◆ Task description ◆
Among the lines of data below, reproduce only those from the one with "Max. Zuladung bei Lastgrenze S: 68,5" through the one with "Bremssohle: Jurid 816M", exactly as they stand, both ends included.

◆ Records for this task ◆
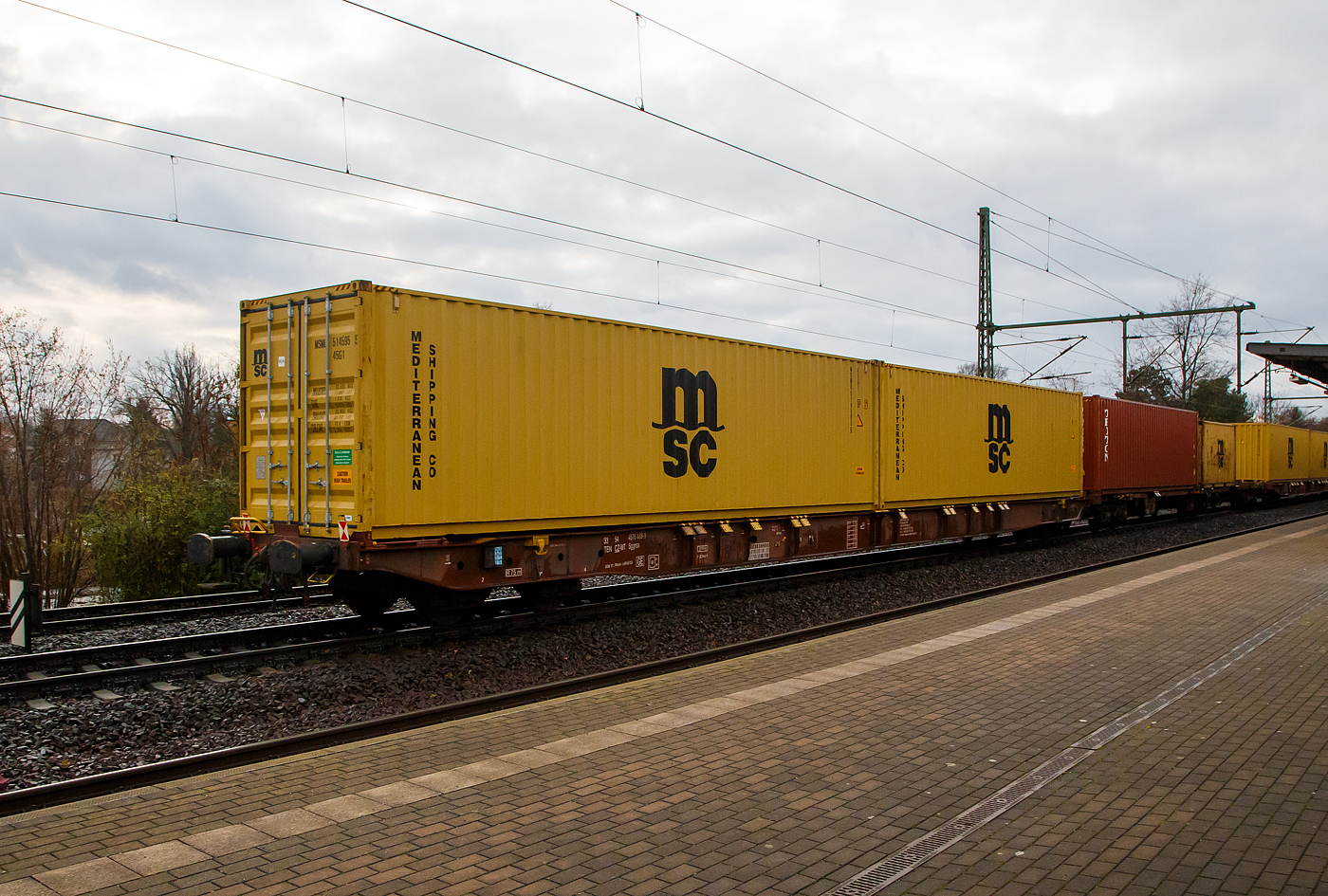 4-achsiger Drehgestell-Containertragwagen 33 54 4576 488-9 CZ-MT, der Gattung Sggnss 80ft (Sggnss-XL), der METRANS Rail s.r.o. (Prag / Praha), am 07.12.2022 im Zugverband, beladen mit zwei 40ft-Containern bei einer Zugdurchfahrt in Dresden-Strehlen.

Mit dem Containertragwagen der Bauart Sggnss 80´ ist es erstmals möglich Container mit einer Gesamtlänge von 80 Fuß auf einem vierachsigen Drehgestellwagen zu transportieren. Der Wagen hat eine Länge von 25.940 mm und wird von Tatravagonka und Greenbrier Europe gefertigt. Aktuell werden die Sggnss 80´ u.a. bei Metrans, VTG, Boxxpress, RailCargoAustria, SETG, GATX und der StlB eingesetzt.

Die METRANS ist ein 100 %-iges Tochterunternehmen der Hamburger Hafen und Logistik AG (HHLA). Sie ist Marktführer für Containertransporte im Seehafenhinterlandverkehr mit Mittel-, Ost- und Südosteuropa. Eigene Inland-Terminals, spezielle Loks  und umweltfreundliche Containertragwagen ermöglichen flexible, qualitativ hochwertige Angebote.

TECHNISCHE DATEN:
Spurweite: 1 435 mm
Anzahl der Achsen: 4 in zwei Drehgestellen
Länge über Puffer: 25.940 mm
Drehzapfenabstand: 19.300 mm
Achsabstand im Drehgestell: 1.800mm
Laufraddurchmesser: 920 mm (neu)
Drehgestelltyp: 	Y25Ls1-K
Ladelänge : 24 700 mm  (z.B. 2 x 40’ ISO Container)
Höhe der Ladeebene über SOK: 1.155 mm
Höchstgeschwindigkeit: 100 km/h (Lastgrenze SS und leer 120 km/h)
Max. Zuladung bei Lastgrenze S: 68,5 t (ab Streckenklasse D)
Max. Zuladung bei Lastgrenze SS: 58,5 t (ab Streckenklasse C)
Eigengewicht: 21.500 kg
Kleinster bef. Gleisbogenradius: R 75 m
Bauart der Bremse: KE-GP-A (K)
Bremssohle: Jurid 816M
Intern. Verwendungsfähigkeit: TEN-GE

◆ The answer ◆
Max. Zuladung bei Lastgrenze S: 68,5 t (ab Streckenklasse D)
Max. Zuladung bei Lastgrenze SS: 58,5 t (ab Streckenklasse C)
Eigengewicht: 21.500 kg
Kleinster bef. Gleisbogenradius: R 75 m
Bauart der Bremse: KE-GP-A (K)
Bremssohle: Jurid 816M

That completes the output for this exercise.